Remplace-le par Tzipi Livni. Avec elle et Ehoud Barak, tu as une autre majorité avec laquelle tu pourras écrire un nouveau chapitre de l’histoire de ton pays. »

Ahmadinejad : qui a daigné le recevoir depuis qu’il a été mal réélu ?

– Le président russe Dmitri Medvedev (qui avait d’ailleurs reçu Lieberman comme l’a fait, dans son sillage, le Premier ministre Vladimir Poutine).

Tous les deux étaient bien contents de s’entretenir dans leur langue avec cet ancien compatriote, émigré en Israël…

– Mouammar Kaddafi, trop heureux d’utiliser le président iranien pour une énième provocation, l’a invité au sommet de l’Union africaine à Syrte. Ahmadinejad s’est annulé après s’être annoncé.
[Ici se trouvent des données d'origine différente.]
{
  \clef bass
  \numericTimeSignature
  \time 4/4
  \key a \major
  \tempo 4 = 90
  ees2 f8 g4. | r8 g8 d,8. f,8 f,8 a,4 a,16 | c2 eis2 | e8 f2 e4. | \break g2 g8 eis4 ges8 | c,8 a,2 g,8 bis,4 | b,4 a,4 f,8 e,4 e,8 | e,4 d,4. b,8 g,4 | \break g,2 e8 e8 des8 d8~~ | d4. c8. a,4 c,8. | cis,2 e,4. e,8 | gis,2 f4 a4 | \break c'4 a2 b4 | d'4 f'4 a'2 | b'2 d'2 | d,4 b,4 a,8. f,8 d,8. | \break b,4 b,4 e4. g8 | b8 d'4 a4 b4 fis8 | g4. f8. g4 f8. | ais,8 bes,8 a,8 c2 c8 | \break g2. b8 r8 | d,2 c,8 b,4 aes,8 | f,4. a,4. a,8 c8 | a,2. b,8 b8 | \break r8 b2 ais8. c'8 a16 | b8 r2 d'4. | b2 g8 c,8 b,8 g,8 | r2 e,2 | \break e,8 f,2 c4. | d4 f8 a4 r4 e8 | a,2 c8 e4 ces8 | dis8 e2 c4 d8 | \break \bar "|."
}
N’en doutez pas : ce « mal réélu » peinera à se faire recevoir en dehors du petit cercle de pays qui ferment les yeux sur les conditions de sa réélection, et chacun de ses voyages suscitera des réactions négatives.

Lieberman et Ahmadinejad ont donc un point commun de plus : dès lors qu’on se respecte et qu’on a une opinion publique à ménager, on répugne à leur serrer la main et à se laisser photographier avec eux.

On s’abstient donc de le faire, sauf si on y est absolument obligé par la fonction qu’on occupe.

En un mot comme en mille, ils sont infréquentables et cela rejaillit à la fois sur leur pays et sur la communauté dont ils se réclament, qu’ils pensent servir et, en fait, desservent.

Tant qu’ils garderont Mahmoud Ahmadinejad et Avigdor Lieberman comme leurs numéros deux, Ali Khamenei, Guide suprême de la République islamique d’Iran, et Benyamin Netanyahou, Premier ministre d’Israël, donneront une image brouillée de leur pays et enverront au reste du monde le mauvais signal :

ils nous signifient qu’ils n’ont pas opté pour l’entente et la coopération avec leurs voisins, qu’ils se sont mis, au contraire, dans une posture d’affrontement et une logique de guerre.

Leur peuple et le monde devront maintenir la pression jusqu’à ce qu’ils cèdent et se débarrassent de ces deux mauvais sujets. Ou soient eux-mêmes remplacés.

Conclusion : on peut affirmer, sans crainte de se tromper, que la crise de régime en Iran n’est pas terminée et que l’actuelle majorité au pouvoir en Israël n’est pas celle qui mènera le pays à la paix avec ses voisins et la région à la stabilité.